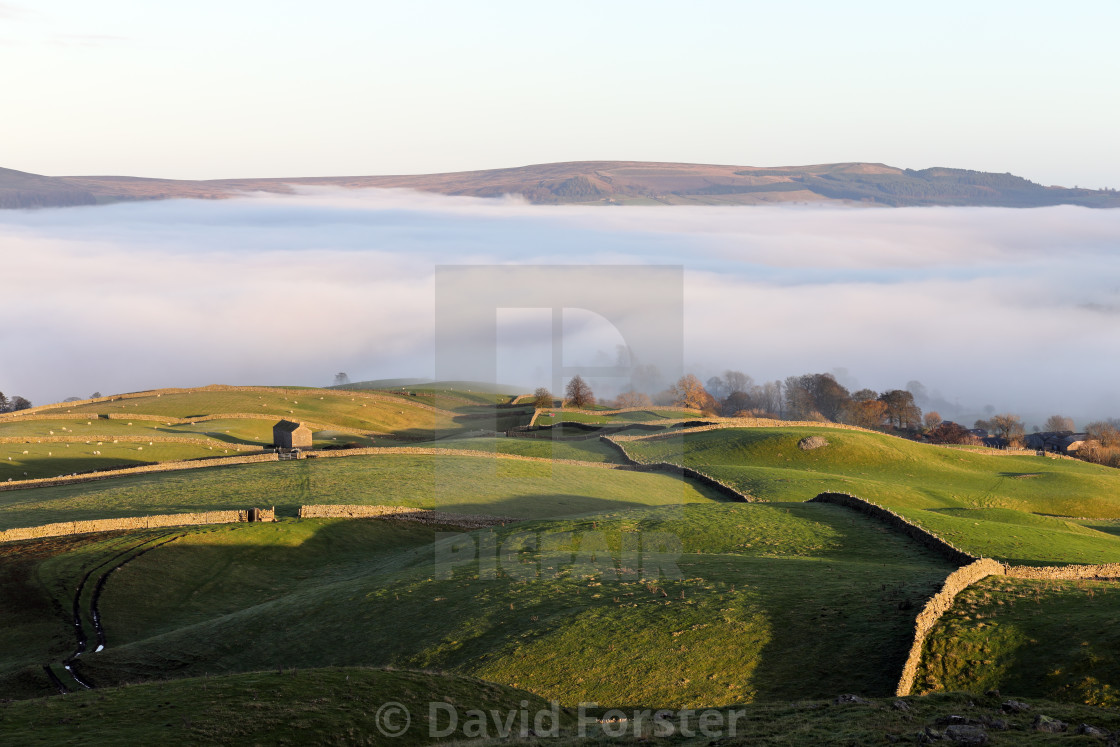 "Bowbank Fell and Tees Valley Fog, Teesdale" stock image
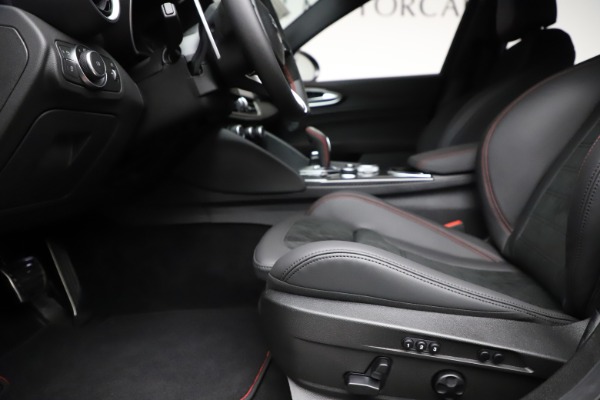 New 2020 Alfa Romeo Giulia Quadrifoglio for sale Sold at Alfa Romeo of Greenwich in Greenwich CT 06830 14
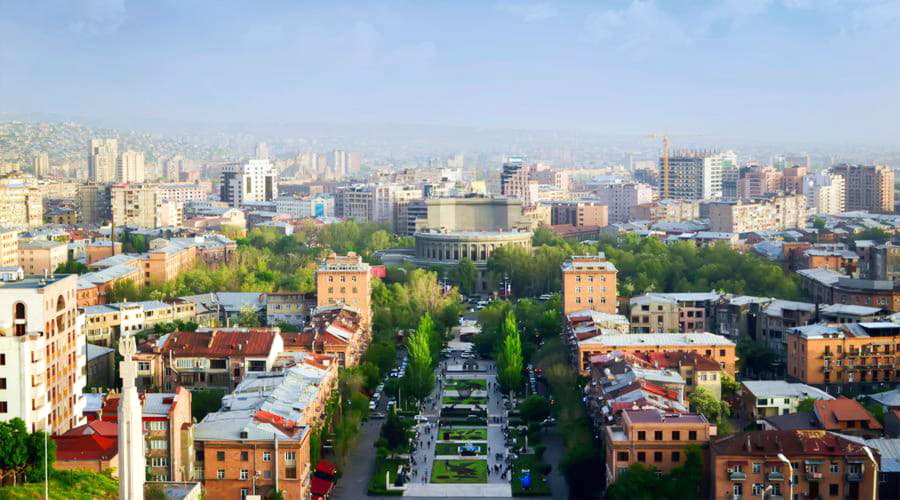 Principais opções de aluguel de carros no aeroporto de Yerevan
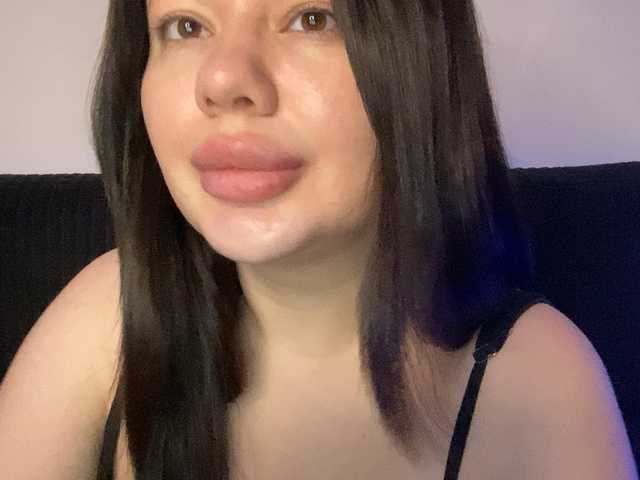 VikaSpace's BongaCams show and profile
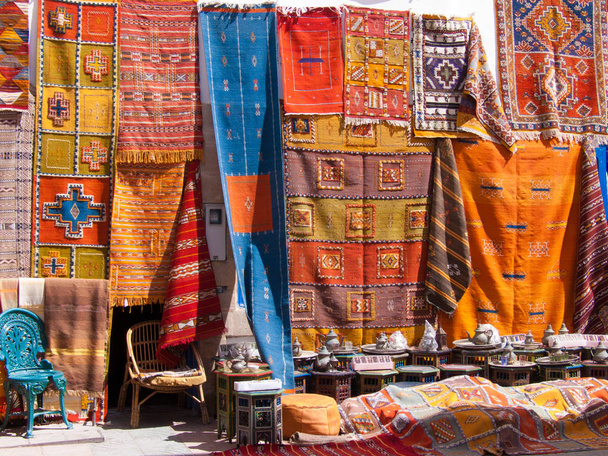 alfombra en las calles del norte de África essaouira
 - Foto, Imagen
◆ ◆ ◆ ◆
Repeat only the lines from the beginning of the material through the line containing "Principais opções de", both ends kept, leaving pictures out.

 "Bowbank Fell and Tees Valley Fog, Teesdale" stock image
 New 2020 Alfa Romeo Giulia Quadrifoglio for sale Sold at Alfa Romeo of Greenwich in Greenwich CT 06830 14
 Principais opções de aluguel de carros no aeroporto de Yerevan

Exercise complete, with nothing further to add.